A cost-benefit analysis examines a tiered approach to energy investments that can save schools significant money on annual operating expenses

By: Kate Mraw, LPA Director of K-12

The realities of funding school construction make it difficult for districts to weigh the short- and long-term benefits of moving their campuses to cleaner, healthier, more energy-efficient environments. Are energy-efficient strategies cost-prohibitive? The Sustainability & Applied Research team at LPA Design Studios recently worked with in-house designers and engineers, and partner Joeris General Contractors, to explore the cost-benefit analysis of energy-efficient schools.

Making the Case for Energy Efficiency 1
The LPA study shows how much energy performance can be gained with smart, passive design strategies.

For our case study, we chose a recently completed elementary school in Dallas, Texas — where increasingly severe weather and problems with the electrical grid have upset the status quo of cheap energy and light regulation. As school districts in every state struggle to stretch budgets amid historic political and economic uncertainty, the team looked for opportunities to save money through sustainable design.

Our goal was to understand what it would take to achieve energy independence. We want to be able to have a smart, informed conversation with our clients about up-front costs, return-on-investment and potential savings in annual operational costs.

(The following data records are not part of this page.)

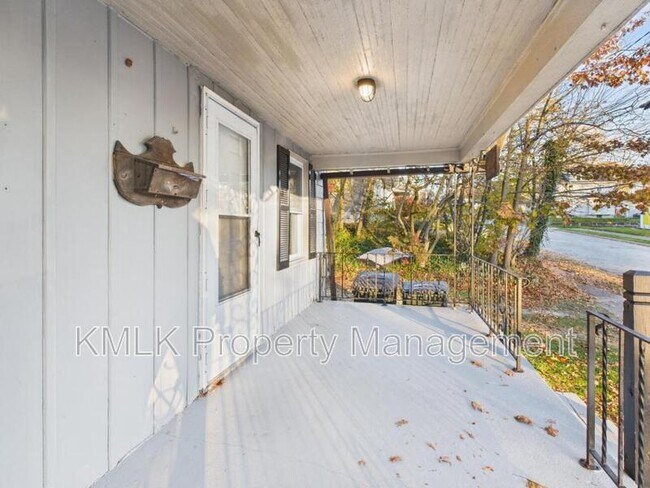 Foto del edificio - 973 Harrison Ave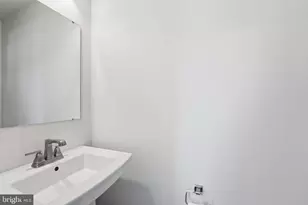 42538 Tiber Falls Sq, Sterling, VA 20166 - Photo 25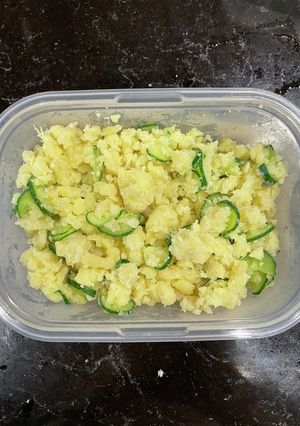 離乳食完了期　さつま芋とキュウリの和え物-レシピのメイン写真
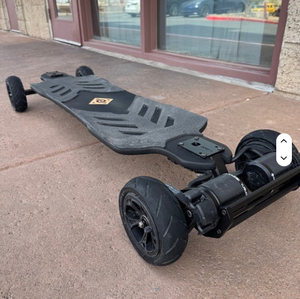Tout Nouveau 2025 Dernier Modèle Carve 3 PRO Noir Esk8Con Skateboards Électriques pour Utilisation en Salle de Sport - Product Image 2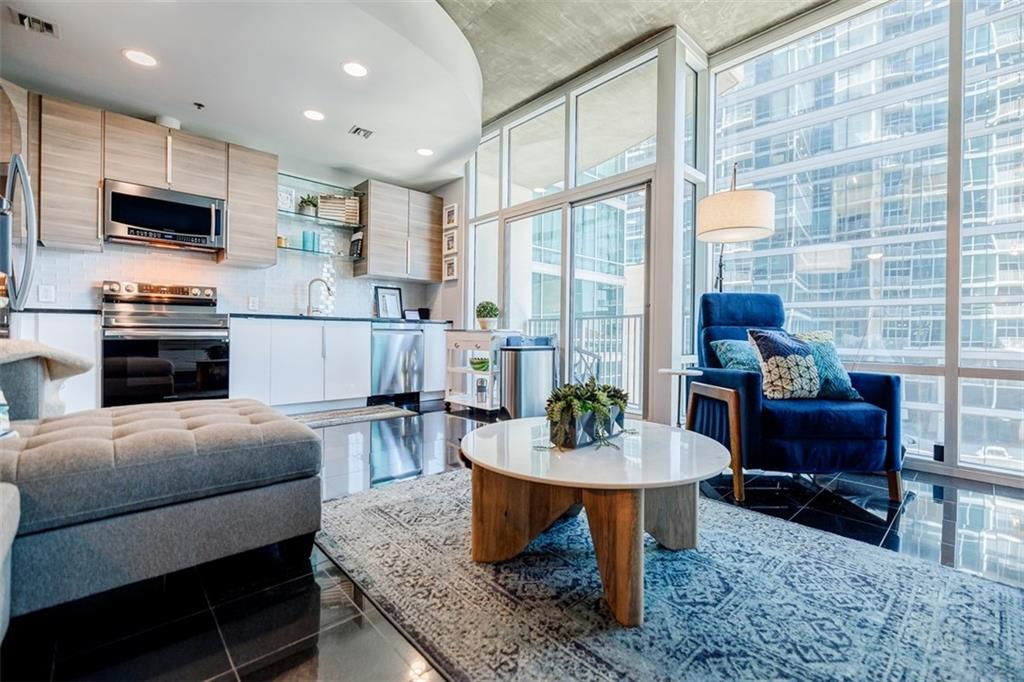 923 Peachtree Street NE Unit 723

Making the Case for Energy Efficiency 2

Starting with a data-rich digital model of the school, the team studied three tiers of additional energy-efficiency investment and their associated costs and energy savings. Tier 1 studied only passive strategies—design elements like demand-control ventilation and increased roof insulation that reduce energy use with little to no added cost. Tier 2 looked at alternative HVAC systems — options for a variable refrigerant flow (VRF) system and heat pumps — to eliminate natural gas. The third-and-final tier provided multiple options for reaching net-zero energy use by adding on-site energy generation infrastructure.

The study shows just how much energy performance can be gained for free, simply with smart, passive design strategies; investing in modern, marginally more expensive HVAC tech; how quickly a net-zero energy school might pay for itself and start producing free energy.

The Results

The results illustrate the significant operational savings available from creating more-energy-efficient buildings. Starting with a passive-only approach, the estimated annual energy cost was $65,000. The optimized HVAC system cut that number by 40% at the up-front cost of $250,000.

Going a step further, adding PV on the roof would cost an additional $570,000 but would reduce the energy costs to less than $10,000 a year, an 85% savings. To eliminate the electricity bills altogether, the school would need a total cost premium investment of around $1 million. Each of these scenarios would result in a simple payback of 14 to 16 years — potentially much less if energy prices increase, as expected.

The numbers reveal a variety of ways to address energy efficiency, from reevaluating so-called ‘best practices’ to full energy independence. What’s clear is that a high-performing school building is not one-size-fits-all. The point is to give school districts what they need to make informed decisions with their budgets. The return might take 15 years, but over a life span of 50 to100 years, it adds up to a lot of free energy.